## Introduction

In regression analysis, it is common to include covariates to attempt to adjust for confounding variables. However, to the extent that reliability of measurement of the confounding variable is less than perfect, there will be residual confounding due to mismeasurement [1,2,3,4]. We have recently proposed a new test, which formally incorporates the reliability of the confounding variable: the Accounting for the Expected Adjusted Effect test (AEAE test).
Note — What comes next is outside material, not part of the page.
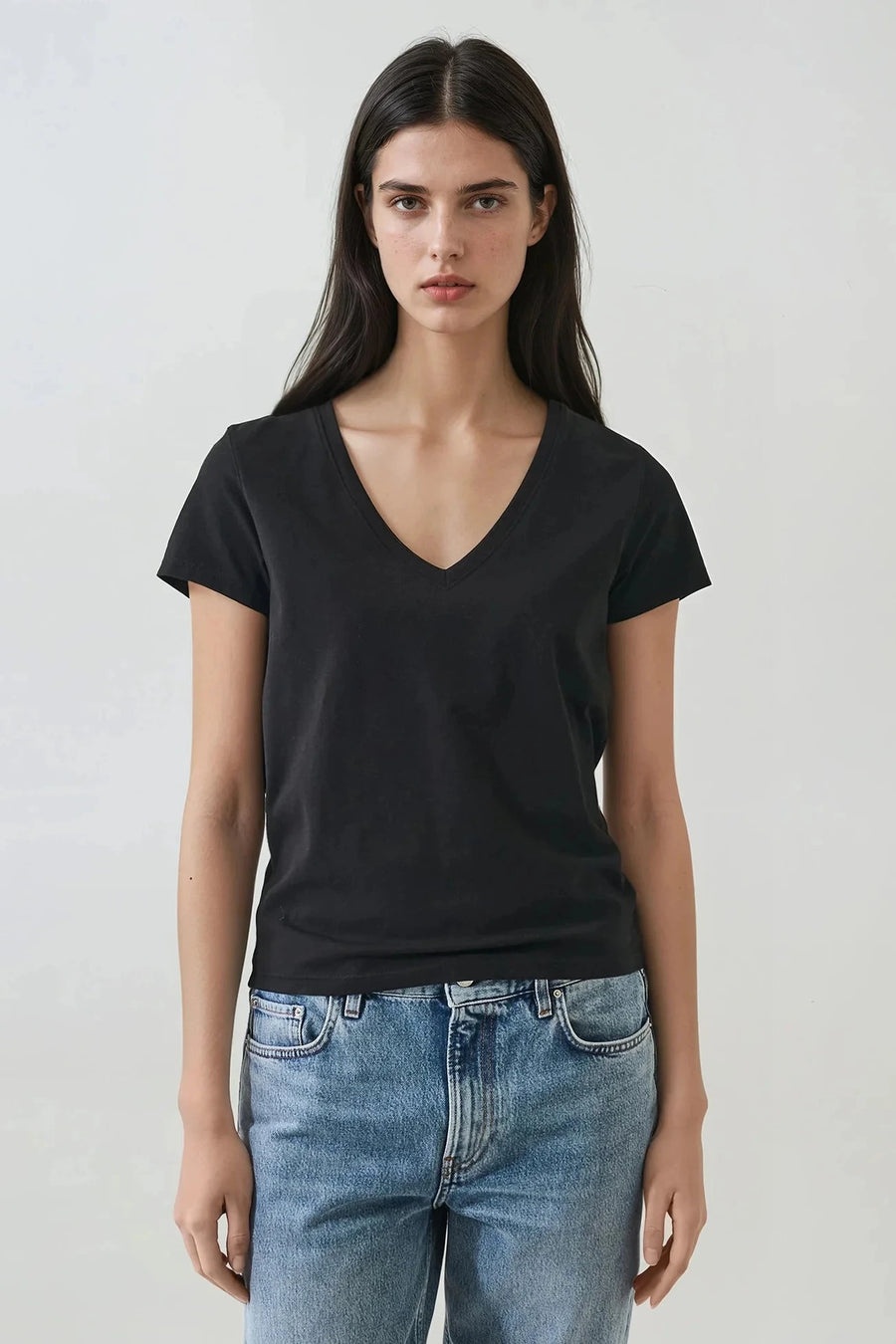 Woman wearing a black v neck tee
Using simulations, we showed that traditional regression methods with adjustment for a possible confounder often suffer from a high risk for type 1 errors, especially with large sample size, low reliability in the measurement of the confounder, and high reliability in the measurement of the predictor and the outcome [5]. The AEAE test mitigates the risk of type 1 errors by calculating the expected adjusted effect (Equation (Eq. 1), where rXZ = correlation between predictor and confounder, rYZ = correlation between outcome and confounder, r2ZZ = reliability in the measurement of the confounder) and requiring that the observed adjusted effect differs significantly from this expected adjusted effect rather than from zero.

$$E|{\beta }_{XY.Z}|=\frac{{r}_{XZ}{r}_{YZ}(1-{r}_{ZZ}^{2})}{{r}_{ZZ}^{2}(1-{r}_{XZ}^{2})}$$
(1)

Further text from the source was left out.